▸ **Work to be completed**:
Repeat everything in the listing exactly, except for the images.

>>>

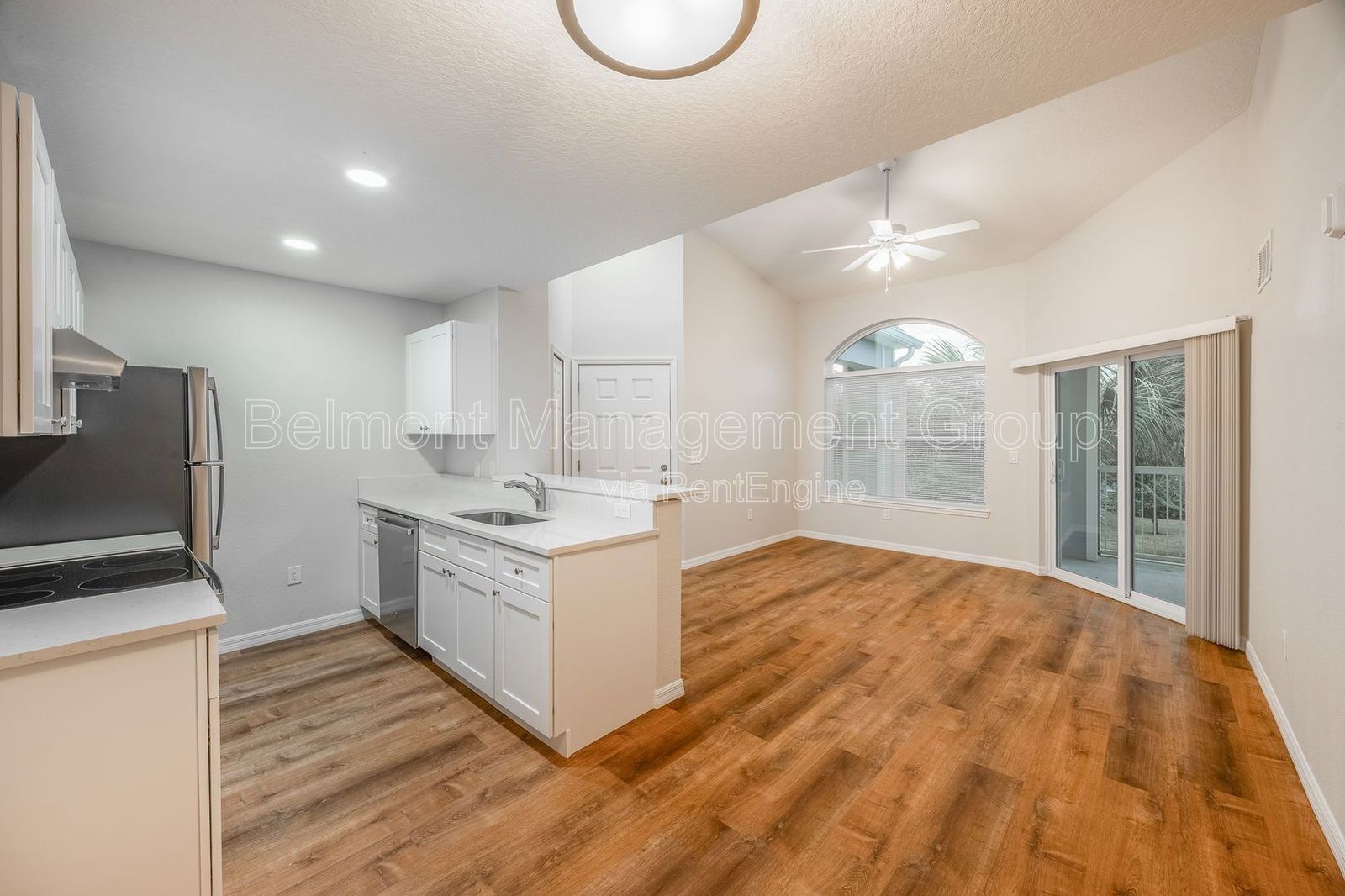 RENT NOW and GET 2-WEEKS OFF YOUR FIRST MONTH'S RENT!! Stylish Fully Renovated 1bed/1bath Condo For Rent at Regency Park in Lake Mary! property image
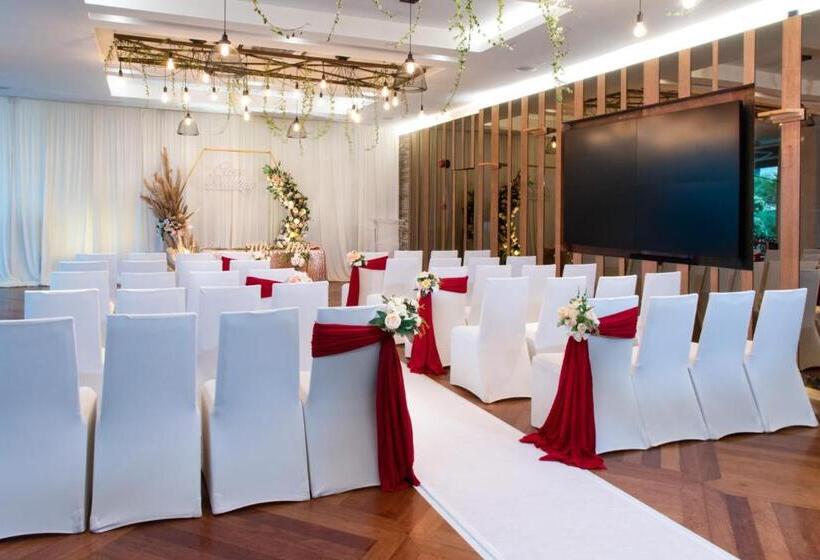Hotel Olive Tree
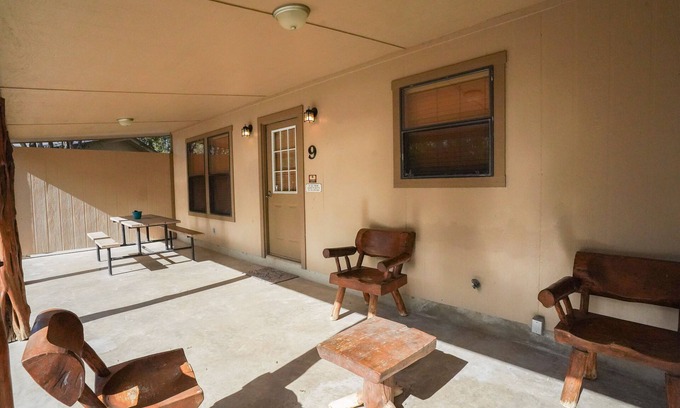 Sabinal Cabina | Walking distance to the Frio River, access to shared pool
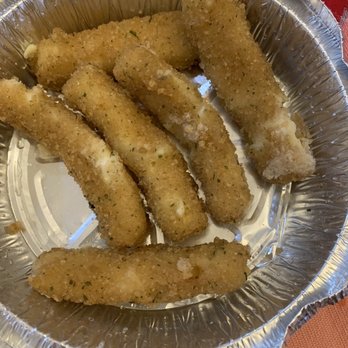 Anthony Francos Pizzeria - Paramus - Disgusting mozzarella sticks - Italian Near Me - Paramus, New Jersey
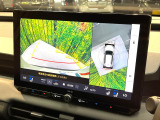 【パノラミックビューモニター】専用のカメラにより、上から見下ろしたような視点で360度クルマの周囲を確認することができます☆死角部分も確認しやすく、狭い場所での切り返しや駐車もスムーズに行えます。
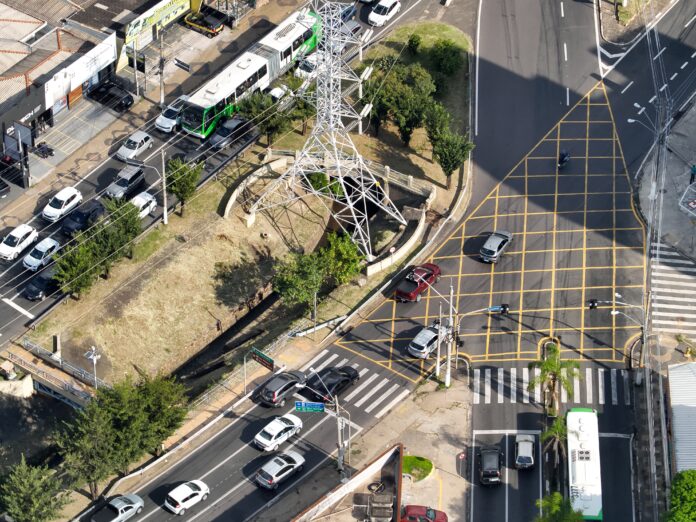 A combinação de álcool e direção ultrapassou o excesso de velocidade no ranking dos fatores de risco que motivaram os sinistros em vias urbanas.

<<<

▸ **Response**:
 RENT NOW and GET 2-WEEKS OFF YOUR FIRST MONTH'S RENT!! Stylish Fully Renovated 1bed/1bath Condo For Rent at Regency Park in Lake Mary! property image
Hotel Olive Tree
 Sabinal Cabina | Walking distance to the Frio River, access to shared pool
 Anthony Francos Pizzeria - Paramus - Disgusting mozzarella sticks - Italian Near Me - Paramus, New Jersey
 【パノラミックビューモニター】専用のカメラにより、上から見下ろしたような視点で360度クルマの周囲を確認することができます☆死角部分も確認しやすく、狭い場所での切り返しや駐車もスムーズに行えます。
 A combinação de álcool e direção ultrapassou o excesso de velocidade no ranking dos fatores de risco que motivaram os sinistros em vias urbanas.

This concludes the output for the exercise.